Dans l’interprétation de cette phrase, nous pouvons faire encore un pas de plus. Jésus n’a-t-il pas dit de lui-même : « Je suis la vérité » (cf. Jn 14. 6) ? Est-ce qu’il n’est pas lui-même la Parole vivante de Dieu, à laquelle se rapportent toutes les autres paroles ? Consacre-les par la vérité – cela veut donc dire, au sens le plus profond : fais qu’ils ne soient qu’un avec moi, le Christ. Attache-les à moi. Attire-les en moi. Et, de fait, il n’existe en dernière analyse qu’un seul prêtre de la Nouvelle Alliance, Jésus lui-même. Et le sacerdoce des disciples, par conséquent, ne peut être qu’une participation au sacerdoce de Jésus. Notre être de prêtres n’est donc pas autre chose qu’une nouvelle et radicale façon d’être unis au Christ. Substantiellement, cela nous a été donné pour toujours dans le Sacrement. Mais ce nouveau sceau sur notre être peut devenir pour nous un jugement de condamnation si notre vie ne se déploie pas dans la vérité du Sacrement. Les promesses que nous renouvelons aujourd’hui disent à ce propos que notre volonté doit être orientée ainsi : Domino Iesu arctius coniungi et conformari, vobismetipsis abrenuntiantes. S’unir au Christ suppose le renoncement. Cela implique que nous ne voulons pas imposer notre route, ni notre volonté ; que nous ne désirons pas devenir ceci ou cela, mais que nous nous abandonnons à Lui, sans nous préoccuper de savoir où et de quelle manière il voudra se servir de nous. « Je vis, mais ce n’est plus moi, c’est le Christ qui vit en moi » (Ga 2, 20) a dit saint Paul à ce sujet. Dans le « oui » de l’Ordination sacerdotale nous avons fait ce renoncement fondamental à la volonté d’être autonomes, à l’« autoréalisation ». Mais, jour après jour, il faut réaliser ce grand « oui » dans les nombreux petits « oui » et dans les petits renoncements. Ce « oui » des petits pas qui mis ensemble forment le grand « oui », pourra se réaliser sans amertume et sans apitoiement sur soi, seulement si le Christ est vraiment le centre de notre vie. Dans la mesure où nous entrons dans une authentique familiarité avec Lui. Alors, en fait, au milieu des renoncements qui au début peuvent être cause de souffrances, nous faisons l’expérience de la joie croissante de l’amitié avec Lui, de tous les petits et parfois aussi des grands signes de l’amour qu’il nous donne continuellement. « Qui perd sa vie la trouve ». Si nous osons nous perdre nous-mêmes pour le Seigneur, nous vérifions alors par l’expérience combien cette parole est vraie.

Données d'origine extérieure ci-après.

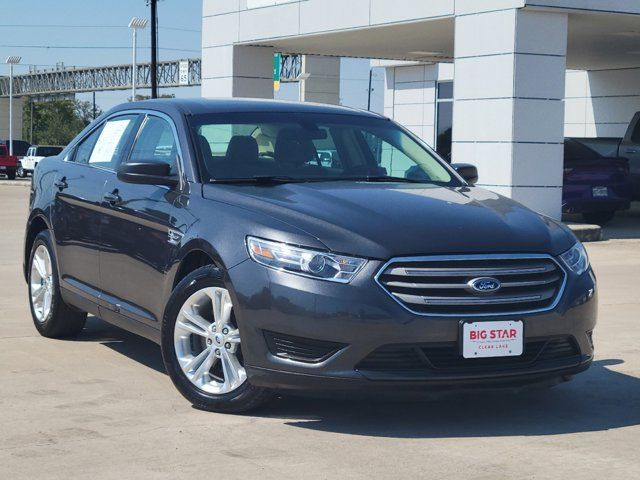 2018 Ford Taurus SE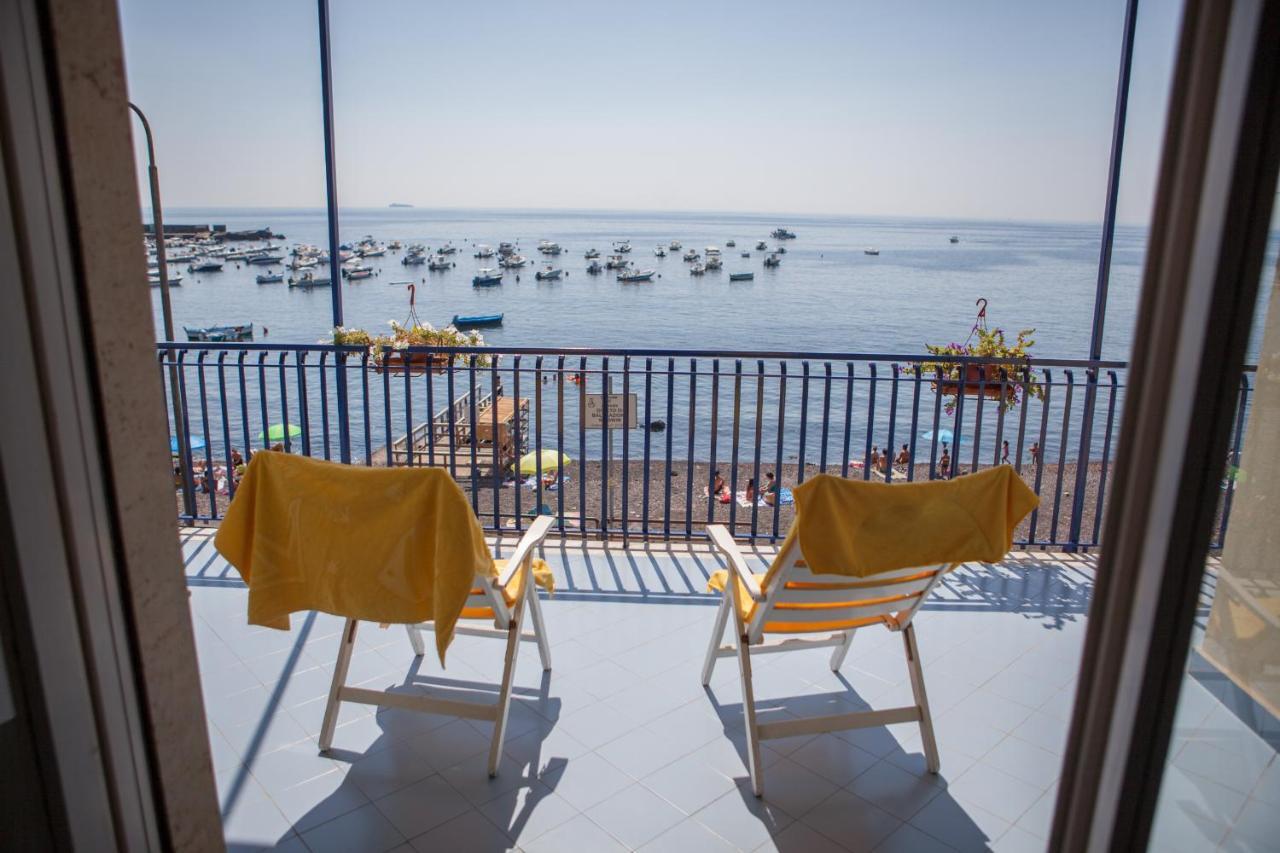 Un Tuffo Nella Baia Di Capomulini Bed & Breakfast Acireale Exterior foto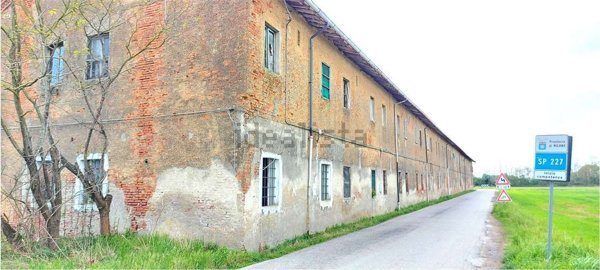 casale in vendita a Corbetta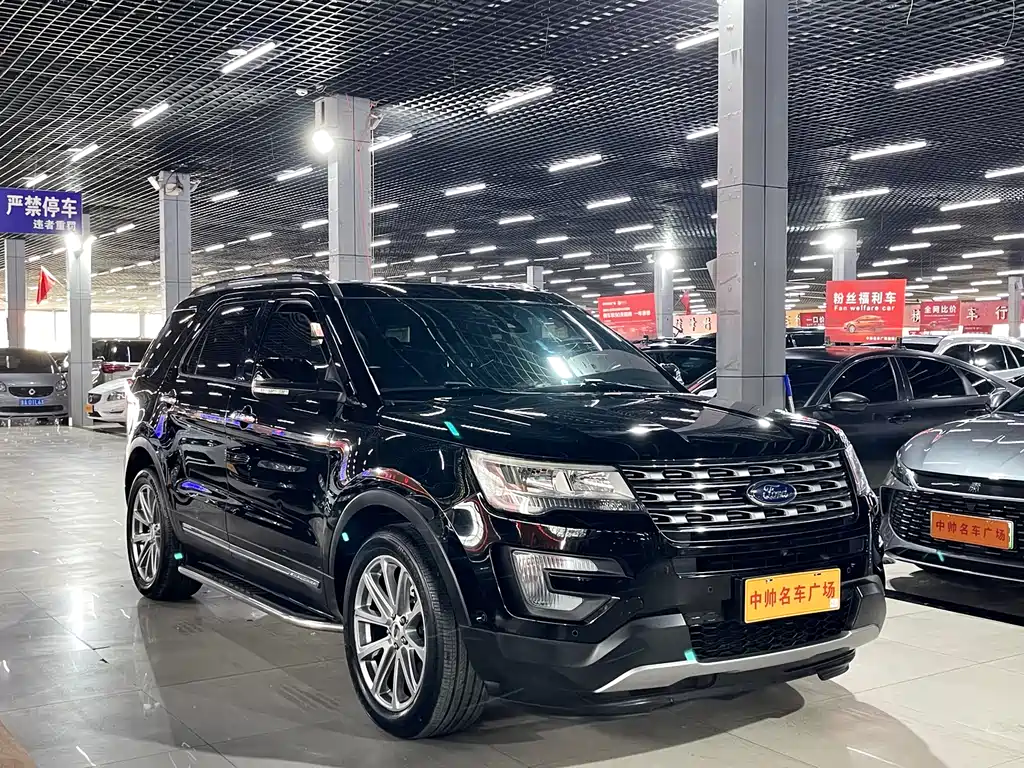 Ford Explorer (Import) — фото 3
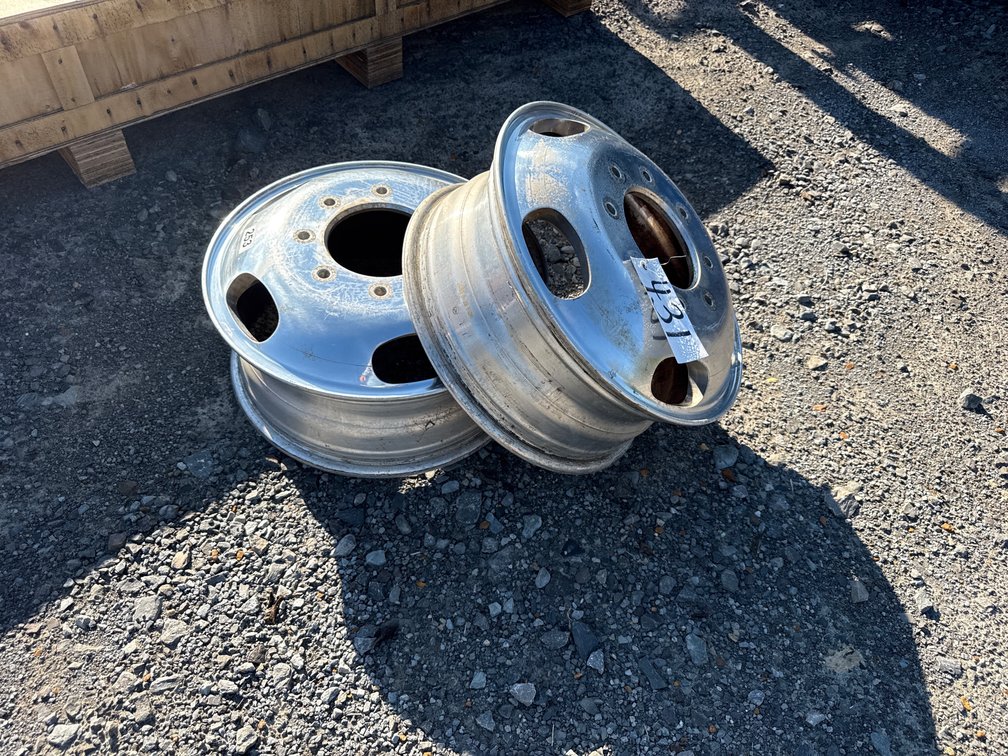 (2) FORD F-350 FRONT RIMS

Être plongés dans la Vérité, dans le Christ – la prière fait partie de ce processus dans lequel nous apprenons à devenir ses amis et aussi à le connaître : sa manière d’être, de penser, d’agir. Prier est un cheminement dans une communion personnelle avec le Christ, lui présentant notre vie quotidienne, nos succès et nos échecs, nos épreuves et nos joies – il s’agit simplement de se présenter devant Lui. Mais pour éviter que cela ne devienne une auto-contemplation, il est important que nous apprenions continuellement à prier en priant avec l'Église. Célébrer l’Eucharistie veut dire prier. Nous célébrons l’Eucharistie de manière juste, si en pensée et par tout notre être nous entrons dans les paroles que l'Église nous propose. En elles se trouve la prière de toutes les générations qui nous entraînent avec elles sur le chemin vers le Seigneur. Comme prêtres, nous sommes ceux qui, dans la célébration eucharistique, par leur prière, ouvrent la route à la prière des fidèles d’aujourd’hui. Si nous sommes intérieurement unis aux paroles de la prière, si nous nous laissons guider et transformer par elles, alors les fidèles eux-aussi trouvent l’accès à ces paroles. Alors, nous devenons tous véritablement « un seul corps et une seule âme » avec le Christ.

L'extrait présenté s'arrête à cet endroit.